What the undisputed material facts prove is that Petitioner's staff's delay in deciding whether to initiate CPR not only contravened R111's express wishes but denied him any possibility – no matter how small – of survival. Whatever chance the resident might have had to live, Petitioner's staff's failure immediately to initiate CPR on discovering him nonresponsive reduced that chance to zero.
Furthermore, the obvious confusion of Petitioner's staff when it discovered R111 nonresponsive boded ill for all other residents of Petitioner's facility who had expressed the desire that the staff make every effort to resuscitate them in the event that they became nonresponsive. Staff at first could not ascertain R111's code status. Staff delayed implementing CPR while it called a nurse practitioner for advice. Minutes were wasted in a situation where time was of the essence.
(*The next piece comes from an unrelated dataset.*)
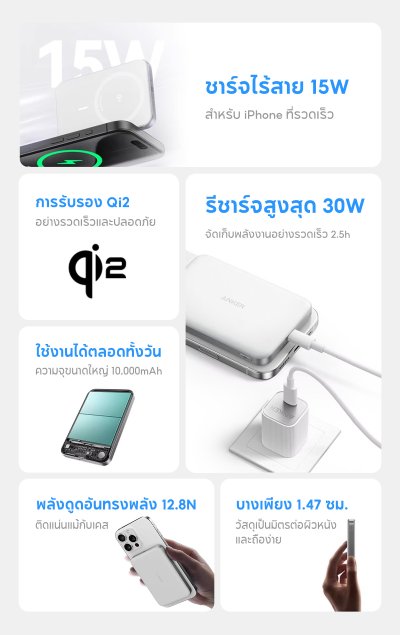 Anker 331 MagGo Battery PowerCore แบตสำรองไร้สาย แบตเตอรี่ 5000mAh รองรับตั้งแต่  iPhone 12mini ขึ้นไป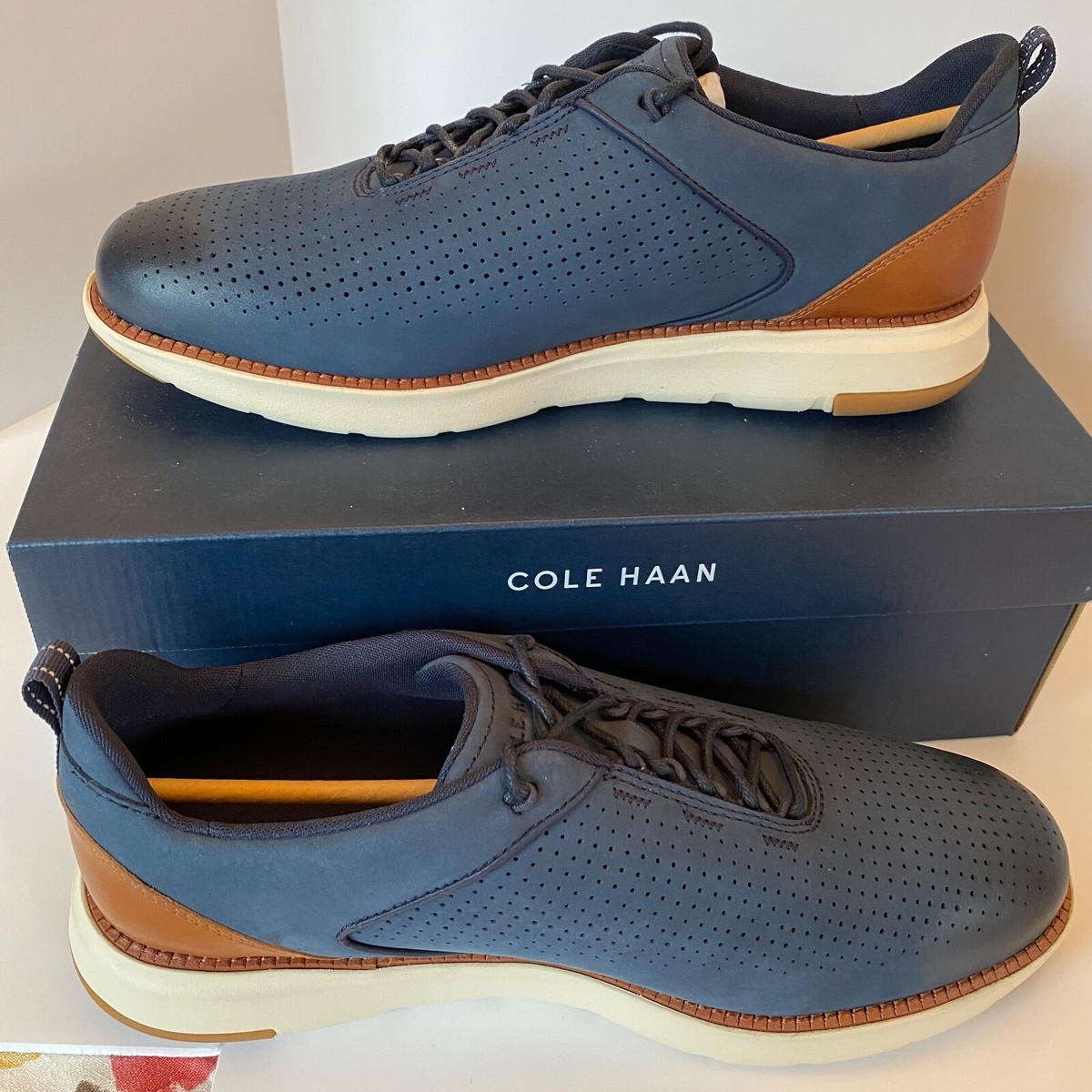 Cole Haan Men\'s Sneakers C38306 Grand Atlantic‎ TX SN 8M Navy  Casual Preppy Navy Cole Haan Mens Grand+ Court Sneaker | Rack Room Shoes main image 4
The rationale for performing CPR illustrates the grave risk posed by any delay in initiating CPR. The obvious confusion of Petitioner's staff and its failure to comprehend Petitioner's policy exposed every resident of Petitioner's facility to this grave risk.
I note that CMS also recites that Petitioner had a previous immediate jeopardy-level noncompliance finding and asserts that Petitioner's compliance history is additional justification for the civil money penalty amount. I do not rely on that history inasmuch as Petitioner has appealed that finding of immediate jeopardy level noncompliance and as of this date that appeal is unresolved.